William Thorne (1568? - 1630) was an English clergyman and orientalist, Regius Professor of Hebrew at Oxford in 1598.

==Life==
He was born at Semley, Wiltshire, in 1568 or 1569, entered Winchester College in 1582. Proceeding to New College, Oxford, he matriculated on 15 April 1586, and was elected a fellow in the year following. He graduated B.A. on 12 April 1589, M.A. on 18 Jan. 1593, B.D. on 16 July 1600, and D.D. on 8 July 1602.

On 12 March 1597 he was licensed to preach, and from 27 July 1598 until 1604 he filled the office of Regius Professor of Hebrew. On 30 December 1601 he was installed dean of Chichester, and in the same year received the rectory of Tollard Royal, Wiltshire, resigning his fellowship in 1602. In 1606 he was appointed vicar of Amport, Hampshire; in 1607 a canon of Chichester and rector of Birdham, Sussex. In 1616 he became rector of North Marden, Sussex, and in 1619 of Warblington, Hampshire. He died on 13 February 1630, and was buried in Chichester Cathedral.

Thorne was a Hebraist and oriental scholar with an international reputation. John Drusius dedicated to him Opuscula quae ad Grammaticam spectant (1609), and Charles Fitzgeffrey devotes an epigram to him in his Affaniae sive Epigrammatum libri tres (1601). He is sometimes cited as a member of the First Oxford Company of Bible translators working on the Authorized King James Version; and yet despite contemporary evidence that he was involved with the project, there is some doubt still expressed about his participation with the seven others of the Company.

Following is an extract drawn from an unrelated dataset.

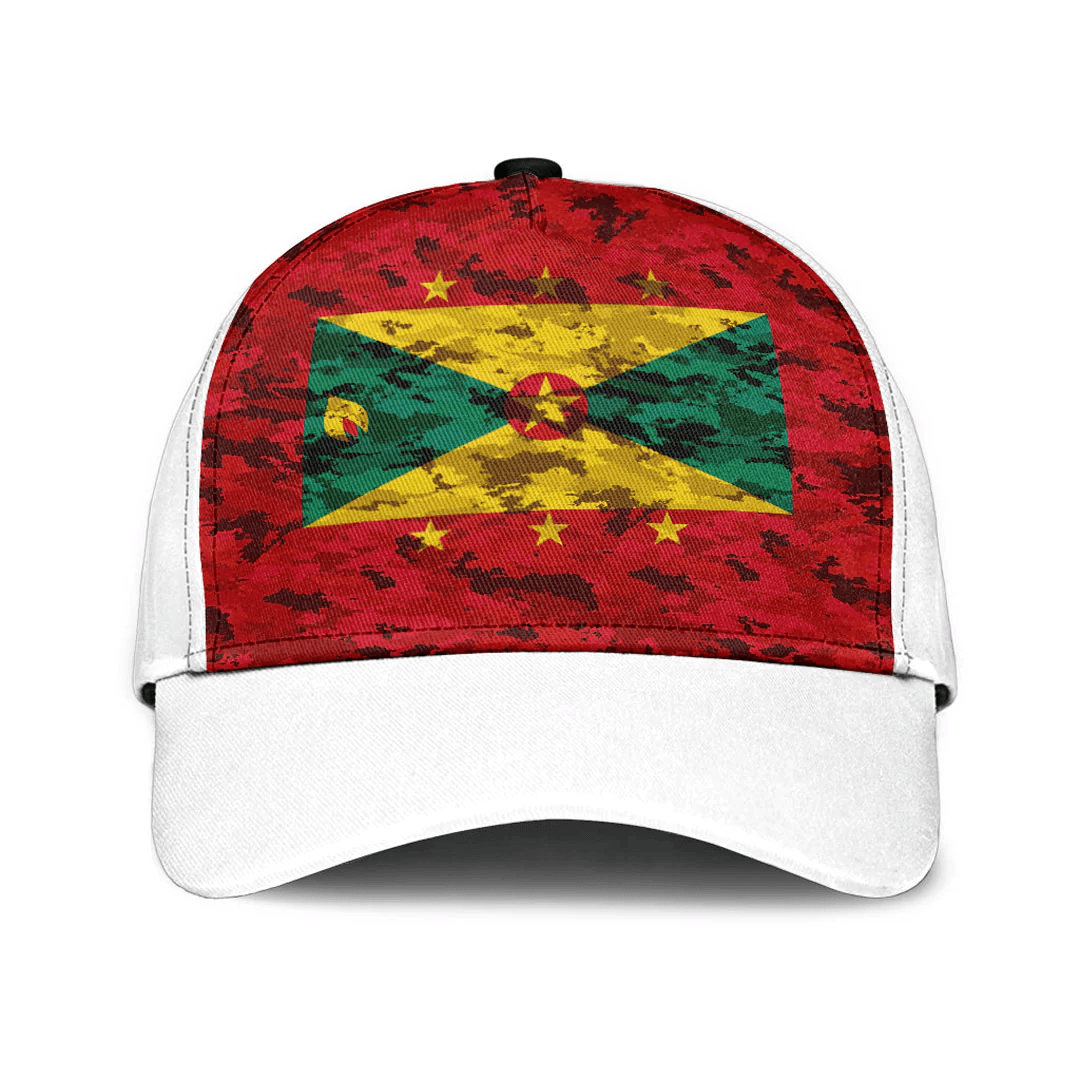 Adeenyc Cap - Grenada Camo Style Classic Cap Baseball Cap Hat Trucker Hats Custom Hats Gifts For Men & Women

The doubt concerning his involvement in the translation apparently stems from the fact that he is not mentioned in the earliest lists of translators. The evidence in support of his involvement, however, is substantial. More than a dozen bishops signed a document (c. 1605) recommending Thorne for ecclesiastical preferment. The recommendation explicitly mentions Thorne's involvement as a translator "of that parte of the olde Testament which is committed to that Universitie" (i.e., Oxford). The recommendation also states that Thorne was the King's chaplain.
At least two of the signatories were themselves involved in the translation project. It seems unlikely that these men would have signed the document as worded if Thorne had not been involved in the translation. Moreover, it is entirely plausible that the former regius professor of Hebrew at Oxford and the King's chaplain would have been involved in the project. Thorne was a member of John Case's circle, which included several of the Oxford translators. One of them, Ralph Ravens, was omitted from some of the early lists, but was "certainly involved." Matthew DeCoursey suggests that Thorne may have joined the project late.

==Works==
Thorne was the author of:

- Willelmi Thorni Tullius, seu ῥήτωρ, in tria stromata divisus, Oxford, 1592.
- Ἔσοπτρον Βασιλικόν. Or a Kenning-Glasse for a Christian King. Dedicated to James I, London, 1603.